Of course there were no witnesses, and you have only my own word about
my efforts to prevent a slug of cards from re-emerging after a shuffle,
or even that it happened at all. I have no doubt that if I tried to do
a similar experiment on TV the cards would emerge in blissfully random and
meaningless patterns. Yet this is a thing that, from my perspective,
really happened and I must incorporate it into my world-view somehow.
Even after all these years I get goosebumps thinking about it.
At the time the only theory that made sense to me -- and the only one that
still does -- is that at some level, when a deck of cards is sufficiently
shuffled, the Universe is willing to forget the order they are in.
Then it is possible for an entity -- a hacker, if you will -- to influence
the order in which they are reassembled when the deck is dealt, in order
to communicate with you. But there are checks on the system, just as
human-built computers try to be safe from hacking; and however much the
world may be influenced in this way, the results must be plausible according
to some standard which isn't quite perfect.

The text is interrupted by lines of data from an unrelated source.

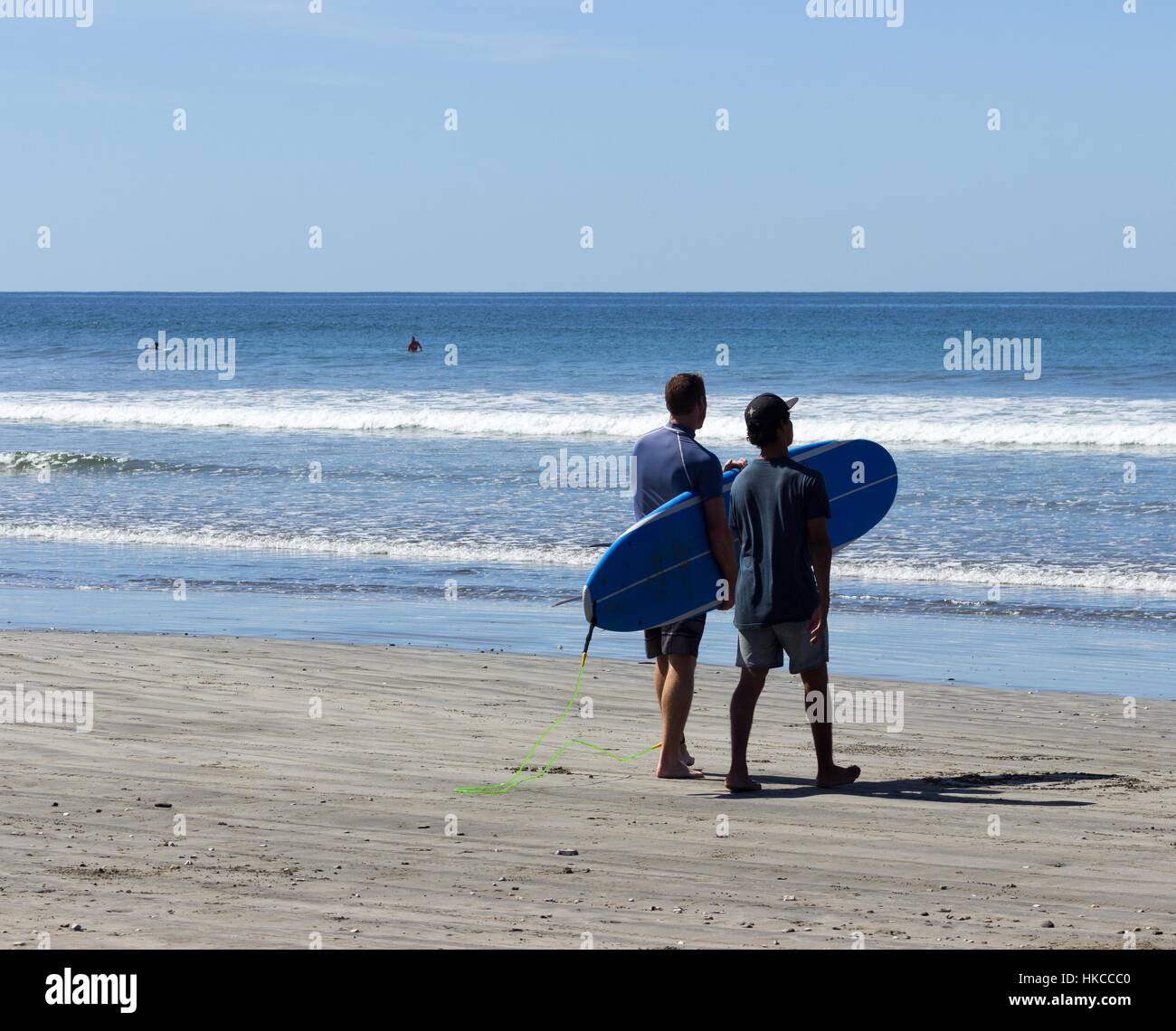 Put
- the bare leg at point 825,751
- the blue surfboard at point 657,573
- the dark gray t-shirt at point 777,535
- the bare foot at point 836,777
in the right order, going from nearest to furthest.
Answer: the dark gray t-shirt at point 777,535
the bare leg at point 825,751
the bare foot at point 836,777
the blue surfboard at point 657,573

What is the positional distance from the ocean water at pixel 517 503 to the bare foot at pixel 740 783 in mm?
2975

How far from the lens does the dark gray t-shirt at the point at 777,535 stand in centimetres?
551

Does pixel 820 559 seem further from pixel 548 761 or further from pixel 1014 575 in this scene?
pixel 1014 575

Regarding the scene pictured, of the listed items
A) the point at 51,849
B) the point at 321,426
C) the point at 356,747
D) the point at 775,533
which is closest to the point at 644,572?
the point at 775,533

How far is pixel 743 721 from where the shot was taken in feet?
18.9

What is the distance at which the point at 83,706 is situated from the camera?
7.26m

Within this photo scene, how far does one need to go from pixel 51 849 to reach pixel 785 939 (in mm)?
2482

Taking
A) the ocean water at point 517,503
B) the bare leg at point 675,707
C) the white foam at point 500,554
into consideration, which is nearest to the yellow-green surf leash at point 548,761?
the bare leg at point 675,707

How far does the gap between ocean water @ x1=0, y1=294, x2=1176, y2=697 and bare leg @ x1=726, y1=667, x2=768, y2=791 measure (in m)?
3.00

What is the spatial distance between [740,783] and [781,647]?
0.58 meters

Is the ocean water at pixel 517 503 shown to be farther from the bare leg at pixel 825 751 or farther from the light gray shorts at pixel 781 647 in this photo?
the light gray shorts at pixel 781 647

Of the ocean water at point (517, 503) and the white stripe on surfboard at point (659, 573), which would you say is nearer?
the white stripe on surfboard at point (659, 573)

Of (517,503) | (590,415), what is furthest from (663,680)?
(590,415)

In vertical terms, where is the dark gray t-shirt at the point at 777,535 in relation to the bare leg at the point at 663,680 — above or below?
above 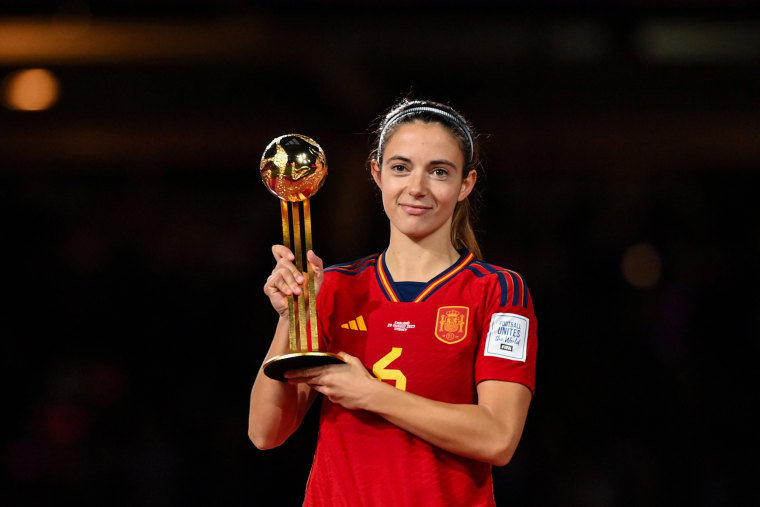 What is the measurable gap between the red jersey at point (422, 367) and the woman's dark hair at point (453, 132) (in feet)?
0.53

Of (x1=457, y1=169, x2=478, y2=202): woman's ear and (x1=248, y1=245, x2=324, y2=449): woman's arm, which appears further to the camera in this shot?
(x1=457, y1=169, x2=478, y2=202): woman's ear

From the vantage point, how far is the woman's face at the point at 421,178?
1.84 metres

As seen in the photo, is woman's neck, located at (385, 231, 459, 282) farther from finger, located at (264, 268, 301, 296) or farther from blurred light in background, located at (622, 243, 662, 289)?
blurred light in background, located at (622, 243, 662, 289)

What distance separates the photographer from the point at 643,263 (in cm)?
491

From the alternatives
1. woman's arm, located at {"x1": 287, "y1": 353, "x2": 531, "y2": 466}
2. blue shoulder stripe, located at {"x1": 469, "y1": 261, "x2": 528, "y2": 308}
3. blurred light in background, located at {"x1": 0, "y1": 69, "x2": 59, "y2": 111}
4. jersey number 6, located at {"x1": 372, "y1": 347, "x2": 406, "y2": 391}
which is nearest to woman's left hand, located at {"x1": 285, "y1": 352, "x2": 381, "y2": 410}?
woman's arm, located at {"x1": 287, "y1": 353, "x2": 531, "y2": 466}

The idea is, of course, totally insane, except for the fact that the vast
majority of humans believe something similar is going on all the time.
It's tempting to draw parallels with the collapse of the state vector in
quantum mechanics, and many magic-practicing people do exactly that; but
whatever is going on has nothing directly to do with the repeatable and
verifiable weirdnesses that occur at Planck scale. It may be a similar
kind of hack, but the Planck-scale hacks have been incorporated into the
story the Universe consistently wants to tell us.
As for where these hacker-entities (generally called spirits) come from, one
is led to speculate that one of the things represented at a high level of
abstraction might be consciousness itself; and as with any object represented as a
single data structure within a computer, it might be possible to induce extra
unofficial instances of entire minds. Some of these might be people who no
longer exist corporeally (e.g. are dead); some might be made up from scratch as
an assemblage of generic elements; and some might be copies at varying degrees
of perfection of people who are actually walking around.
The Observer Redux
Another possibility, which is very plausible to me after my later gambling
adventures, is that there is a universal human inability to perceive
randomness for what it is. Such a fatal flaw would certainly explain
why the casino industry exists, if nothing else. My own experiences were
startling enough to shake me out of the militant atheism into which I'd
settled after rejecting my parents' religious beliefs at the age of 15.
Frogs, we have been taught for decades, cannot see anything that isn't about
the size and shape of and moving like a mosquito. If humans have a similar
blind spot, it would be for randomness. We persist in finding patterns
where elaborate mathematical analysis can prove there are none, and we fail
to notice others which are right in our faces. Yet unlike the frogs, which
sensibly hang out where there are bugs it can see, humans can't get enough
of this blind spot. We go to casinos by the million, deliberately engage
in all kinds of rituals, and seek out random things to interpret as if
they are somehow meaningful. These experiences are so fulfilling that people
regularly destroy themselves in various ways seeking them out.
Scientists decry this kind of activity and their arguments make a lot of
sense; but to someone who has had an extraordinary experience, someone else
who has sensibly avoided the extraordinary situation has no credibility.
And scientists who enter these situations with open minds tend to come out
saying things that ruin their reputations with other scientists. Think of
Wilhelm Reich, or Timothy Leary.
In the end, whatever extraordinary things are accomplished by the Scientific
Method, and whatever extraordinary things are experienced by people who
are willing to experiment with other techniques, the question of whether
the Universe is consistent may not be answerable. We may be able to say
reliably that either we are all crazy or the Universe is crazy, but not,
with any certainty, which of those two statements is the one on which to depend.